What to do:
Using the data below, set down every line from the one containing "MIDDLETOWN - Residential" through the one containing "25 Riva Avenue", inclusive and unchanged. Pictures are to be skipped.

Entries shown:
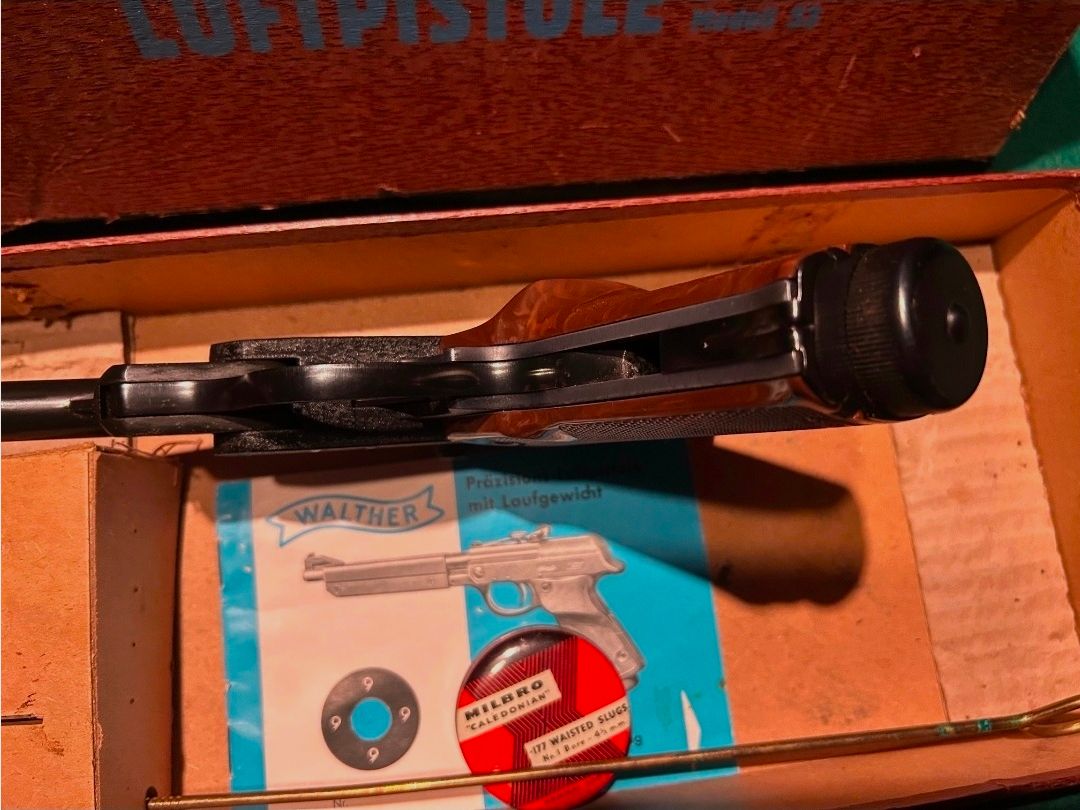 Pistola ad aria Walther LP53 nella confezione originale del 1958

---

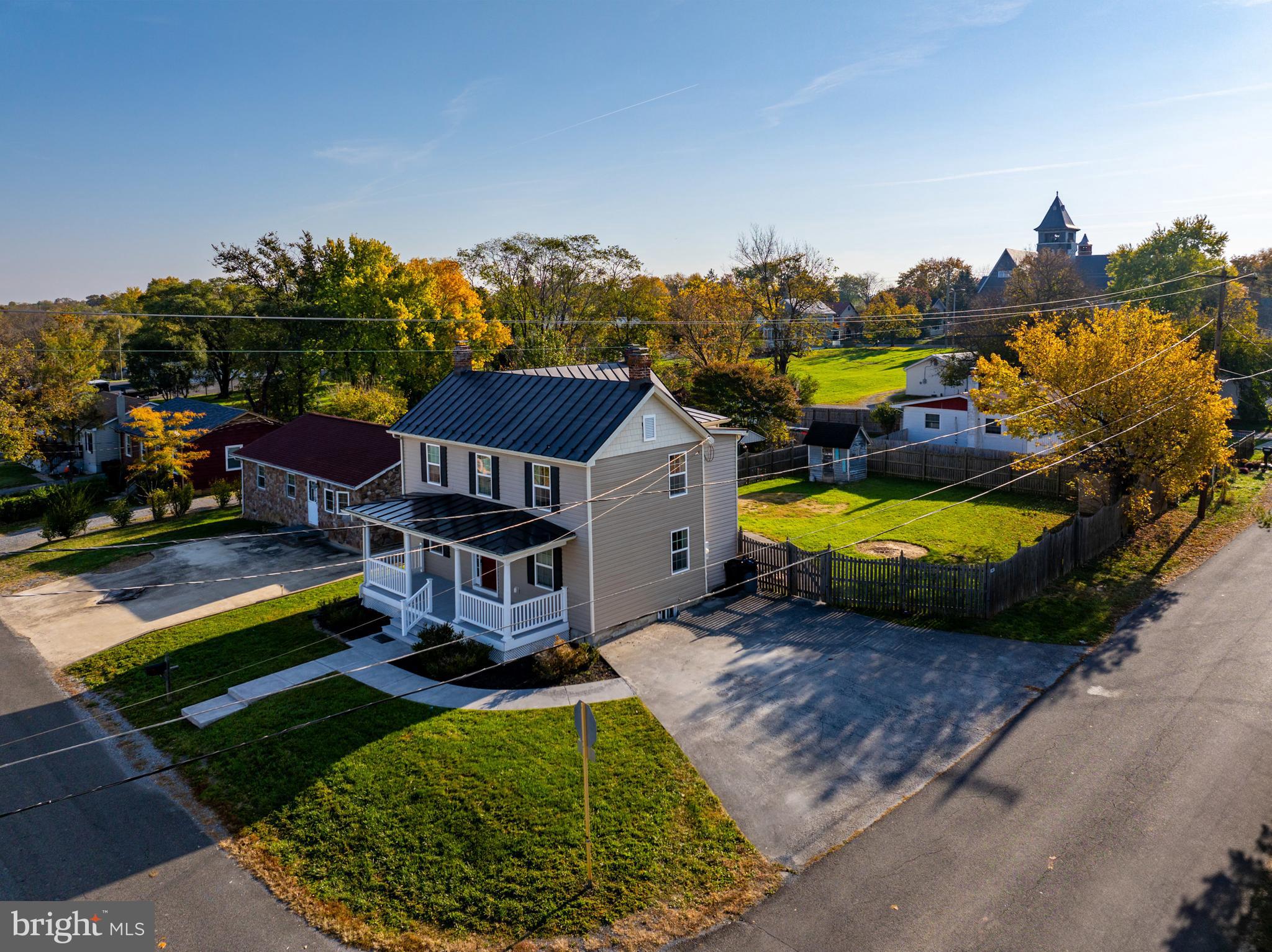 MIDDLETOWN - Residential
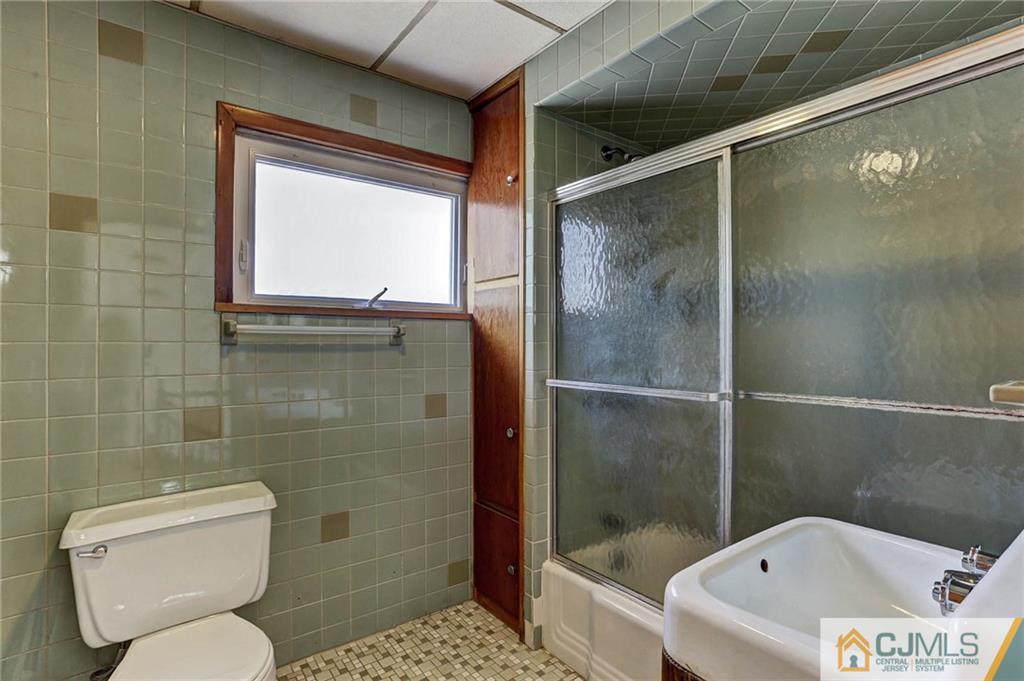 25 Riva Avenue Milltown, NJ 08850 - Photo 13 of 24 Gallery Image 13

Problem solution:
 MIDDLETOWN - Residential
 25 Riva Avenue Milltown, NJ 08850 - Photo 13 of 24 Gallery Image 13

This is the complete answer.